Also, remove and replace the battery connections to ensure good contact.
Does the battery charge at all when connected to a hook-up? if not, check for a blown fuse on the 12V side, or a tripped breaker on the 240V side. Also, if you know where the charger is located, it may be fitted with a fuse or reset button (when mine stopped charging, the fuse was tight in the holder and was making a poor contact).

A short trip of 1.1/2 hrs will be insufficient to charge a depleted battery.

If you are considering fitting 2 batteries, it is better if they are the same age, type and capacity. Coupling an old battery with a new one will very likely give rise to problems.


----------



## spykal (May 9, 2005)

Hi inishfree

If you do add another battery (lead acid) inside the vehicle... a warning....do not forget to equip it with a vent tube to the outside.......it is also worth checking that you have one fitted to the existing battery too...they do get mislaid quite often.

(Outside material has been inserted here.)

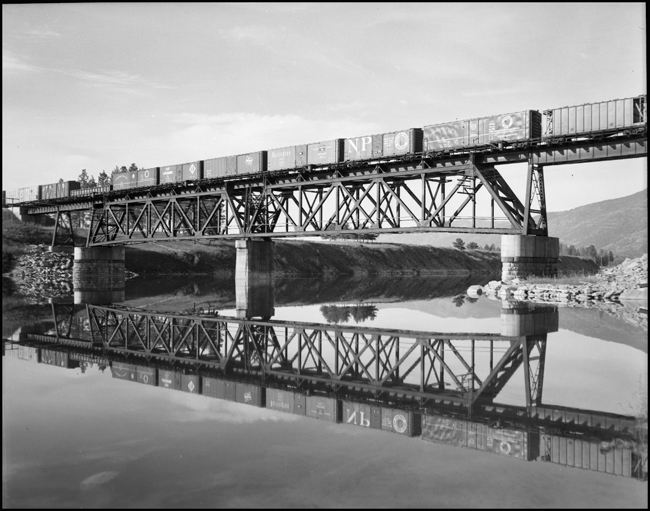 NP XE crossing bridge west of Thompson Falls, and making a mirror image in the water of the train crossing the bridge.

Link to Thread about exploding batteries

Mike


----------



## 98667 (Apr 14, 2006)

Hi All,

Thanks for that, great info. I checked my current factory fitted 85amp battery and discovered the tube had been crushed by the battery and although there was a small hole for the tubing, it wasn't going near it!

great link for the exploding battery comments.

I have decided to go with 2 Elecsol Leisure Battery 110amp joined in parallel.

I can fit one in the existing battery compartment and run 6 foot leads to another battery compartment I need to make.

Could someone advise on

If I fuse the live wire between the 2 red positives on the batteries 
how big a fuse do I put in?
Do I put a fuse either end?
What is the fusing here to prevent?
The plastic box the current battery is in. Is this to prevent gas leaks or minimise the damage from an exploding battery?
Should i get a plastic box for the second battery?
Where would you get one?
could I run a 6 foot tube from second battery into a y joint to join the other tube from battery 1 to utilise the one hole in the floor of the van?

Will the current Trigano tribute 2003 built in charger cope with these size of batteries?

Would an overnight charge on these batteries be ok before you set off for the weekend? (is that what most people do before they go away for a weekend, charge the night before?)

Sorry for the rambling, but I've other people on board and want to be sure I'm dealing with electricity sensibly...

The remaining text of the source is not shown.